Forensic in situ investigations, for example for aviation, maritime, road, or rail accidents would benefit from a method
that may allow to distinguish ductile from brittle fractures of metals - as material defects are one of the potential causes
of such accidents. Currently, the gold standard in material studies is represented by scanning electron microscopy
(SEM). However, SEM are large, lab-based systems, therefore in situ measurements are excluded. In addition, they are
expensive and time-consuming. We have approached this problem and propose the use of Optical Coherence
Tomography (OCT) in such investigations in order to overcome these disadvantages of SEM. In this respect, we
demonstrate the capability to perform such fracture analysis by obtaining the topography of metallic surfaces using OCT.
Different materials have been analyzed; in this presentation a sample of low soft carbon steel with the chemical
composition of C 0.2%, Mn 1.15%, S 0.04%, P 0.05 % and Fe for the rest has been considered. An in-house developed
Swept Source (SS) OCT system has been used, and height profiles have been generated for the sample surface. This
profile allowed for concluding that the carbon steel sample was subjected to a ductile fracture. A validation of the OCT
images obtained with a 10 microns resolution has been made with SEM images obtained with a 4 nm resolution.
Although the OCT resolution is much lower than the one of SEM, we thus demonstrate that it is sufficient in order to
obtain clear images of the grains of the metallic materials and thus to distinguish between ductile and brittle fractures.

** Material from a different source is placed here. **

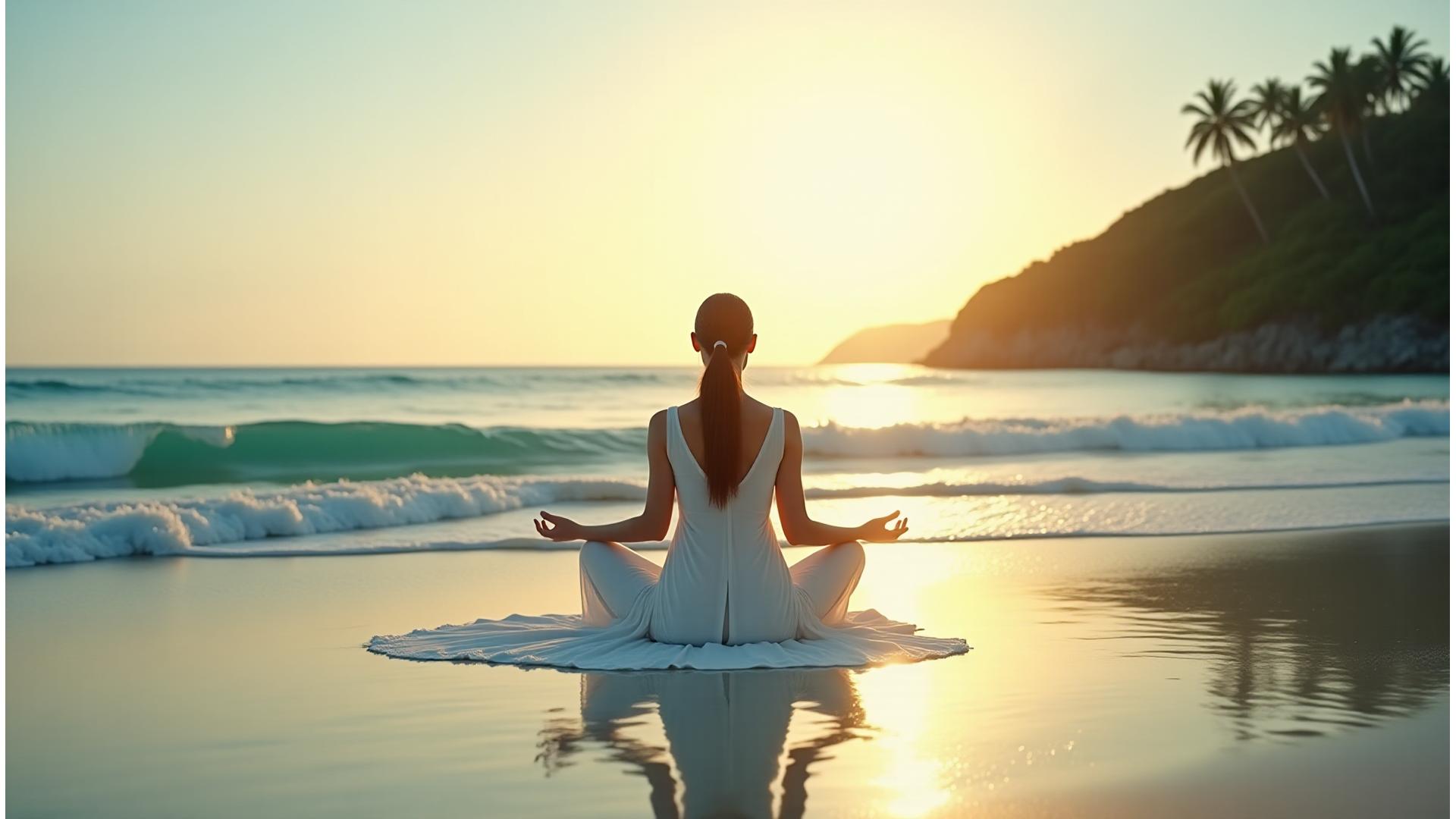 Une femme méditant au lever du soleil sur une plage immaculée, symbolisant la paix et la régénération.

This study analysis opens avenues for a range of applications, including: (i) to determine the causes that have generated
pipe ruptures, or structural failures of metallic bridges and buildings, as well as damages of machinery parts; (ii) to
optimize the design of various machinery; (iii) to obtain data regarding the structure of metallic alloys); (iv) to improve
the manufacturing technologies of metallic parts.